- Dan Lister
Migrating an Umbraco site to Windows Azure is a pretty painless experience. You don't really need to use any other tools or services other than Windows Azure Websites and Bitbucket or Github. We've found that you should be able to run any version of Umbraco without facing any problems. We've tried and tested running version 4.11, up to the latest version 6.1.5. We've outlined a couple of caveats for you to be aware of too. If you have a local Umbraco instance, then the following steps might be useful to migrate an existing site.
Add a clustered index to the User Logins table
You can find more information about this step on Code Cloudy's site. SQL Azure doesn't like tables without clustered indexes. We think this has something to do with being unable to replicate/distribute tables without indexes.
Move the database via SQL Server Management Studio
If you have an existing SQL Azure server instance then you can use the 'Export Data-tier application' option via SQL Server Management Studio 2012 to create a local backup of the database.
Once backed up, connect to the SQL Azure server instance and use the 'Import Data-tier application' option. This will add the new database to the SQL Azure instance. It's as painless as entering the server location, specifying a new database name and clicking export.

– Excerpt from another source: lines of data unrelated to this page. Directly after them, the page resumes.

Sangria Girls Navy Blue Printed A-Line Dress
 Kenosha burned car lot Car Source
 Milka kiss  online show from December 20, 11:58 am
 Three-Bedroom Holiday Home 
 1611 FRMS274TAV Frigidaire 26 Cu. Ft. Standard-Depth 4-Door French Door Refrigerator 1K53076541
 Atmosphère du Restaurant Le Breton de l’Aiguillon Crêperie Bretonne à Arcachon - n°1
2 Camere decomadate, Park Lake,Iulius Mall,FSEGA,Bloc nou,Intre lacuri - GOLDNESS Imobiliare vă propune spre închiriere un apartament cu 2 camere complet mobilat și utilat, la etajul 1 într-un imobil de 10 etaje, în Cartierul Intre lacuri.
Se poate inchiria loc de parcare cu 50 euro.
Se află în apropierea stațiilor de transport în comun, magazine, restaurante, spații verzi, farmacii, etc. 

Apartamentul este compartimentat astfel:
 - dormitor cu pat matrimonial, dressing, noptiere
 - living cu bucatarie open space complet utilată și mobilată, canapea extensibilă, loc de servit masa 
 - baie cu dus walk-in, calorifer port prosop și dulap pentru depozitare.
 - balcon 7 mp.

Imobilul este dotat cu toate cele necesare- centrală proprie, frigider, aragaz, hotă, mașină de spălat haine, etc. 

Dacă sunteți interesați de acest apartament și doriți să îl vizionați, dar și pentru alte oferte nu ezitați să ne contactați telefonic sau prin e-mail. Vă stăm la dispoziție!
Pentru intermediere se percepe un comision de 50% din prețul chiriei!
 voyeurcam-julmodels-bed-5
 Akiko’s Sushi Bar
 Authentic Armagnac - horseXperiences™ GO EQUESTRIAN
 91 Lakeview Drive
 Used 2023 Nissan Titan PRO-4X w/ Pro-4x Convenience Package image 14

Create a new website in Azure
A new, quick website will do. You might want to link the database resource to the web site at this point.
The only config setting to update is the database connection string. You'll be able to find the connection string from the database section within Windows Azure. Connecting to a SQL Azure database is pretty much the same as any other database or database server.
Deploy site files
You can either copy all your files to the site via FTP or use Windows Azure's automated code deployments. We prefer the latter as Azure will build the application before deploying. We use Bitbucket to host our repositories. Bitbucket has been integrated into Azure's deployment section within Azure Websites. This makes it easier to deploy straight from source when pushing to specific branches.
That's pretty much it. The only caveat is handling media files can be a little tricky. As long as you don't have any in source control or at least, a reference to the media folder within your solution, Azure's deployment will not overwrite your existing media items. Using Azure Storage would be a better solution but we've found it be a little tricky when scaling Azure Websites to multiple instances.